I am using the AWS Java SDK in a kind of service task. I have implemented the ‘service task’ as a script task using groovy. I have installed the AWS SDK jar into the Tomcat container lib folder.
When I use the process model in a servlet based web application using the Camunda maven template, all works fine. (I have added the AWS SDK maven dependency into the pom file).
If I now take the exact same bpmn file and deploy it using the cockpit deploy API, I get a runtime exception. In particular, the stacktrace indicates that deep with the AWS SDK it throws a class not found exception.
Hence my question, is there some sort of class loader difference between a process application versus a standalone deployment within the groovy script engine?
I haven’t checked this, but this is how I think it works : The difference with classloading in this case is that with a process application the script is executed in the context of the process application’s classloader (which delegates to the container’s shared classloader). In case of deployment via Cockpit (if not registered with a process application), the process engine’s classloader is used which in case of a shared engine should be the container’s shared classloader.

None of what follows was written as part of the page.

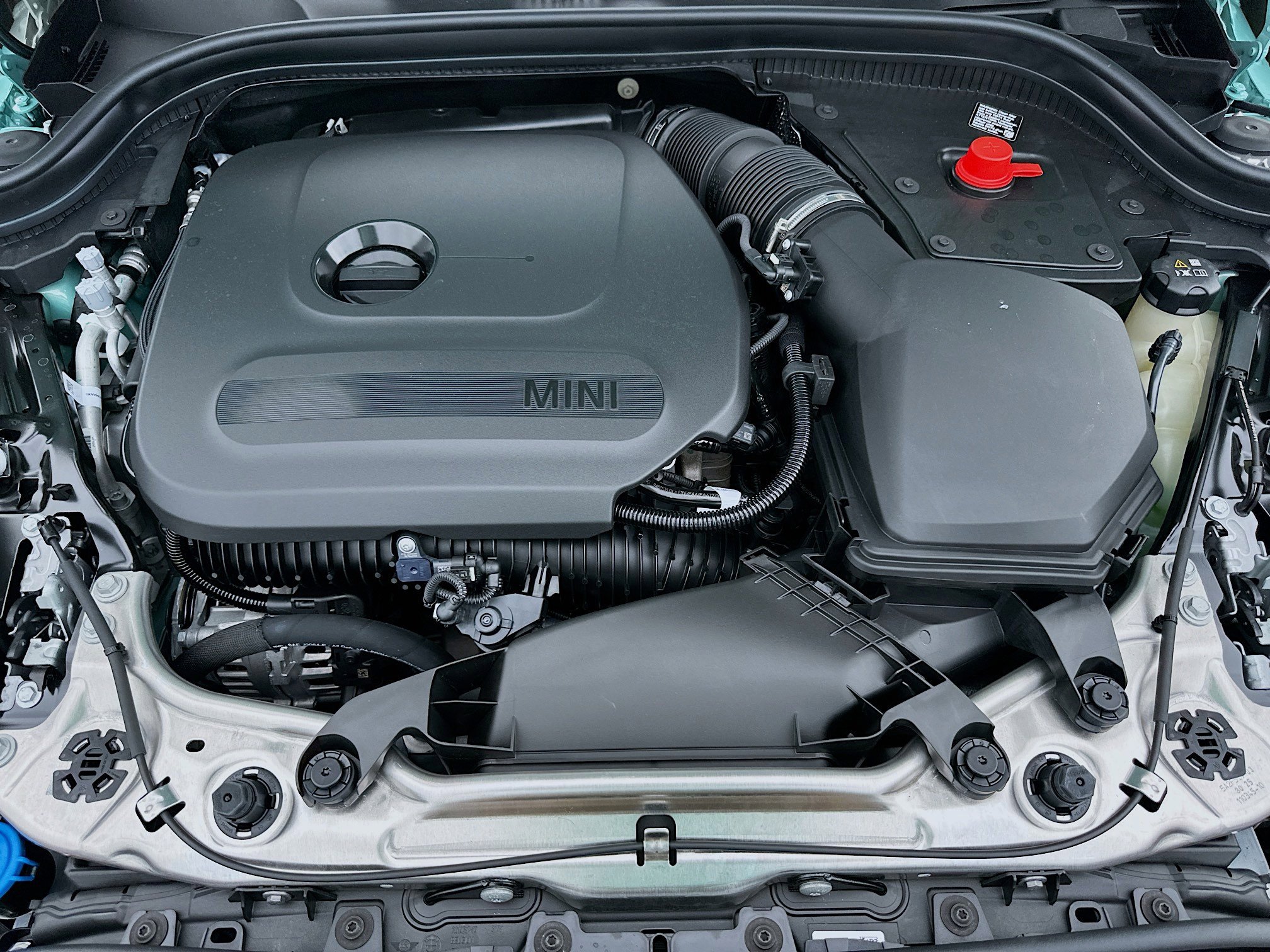 New 2026 MINI Cooper S image 24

If that is correct, then I guess that the missing class was present in your process application but was missing in the shared lib folder. If the missing class is part of the AWS SDK jar, then I am puzzled that some classes can be loaded and others cannot.
This is precisely my expectation as well. The stacktrace gives me a classdef not found within the AWS library, hence puzzling…I will try to dig deeper…
Happy debugging. To narrow down the problem, you could try setting the engine configuration option
false. There were issues in that area in combination with the Groovy scripting engine, see https://app.camunda.com/jira/browse/CAM-3432 (the gist there was that the Groovy scripting engine caches a classloader that may or may not become invalid over time).
Solved - issue is as follows;
Stacktrace indicates an AWS class cannot be created;
java.lang.NoClassDefFoundError: Could not initialize class com.amazonaws.partitions.PartitionsLoader
On looking at the AWS class source, to instantiate the AWS class requires a Jackson class. Hence I had to install the fasterxml jackson jar files. After installing these jar files, I found they used the Apache http client. hence I had to install the http client jar files.
So the short answer is during a process application build, maven is managing the dependencies behind the scenes. If you are not using maven, then you need to ensure that all the nested dependencies are explicitly accounted for and the jars must be installed in the container library.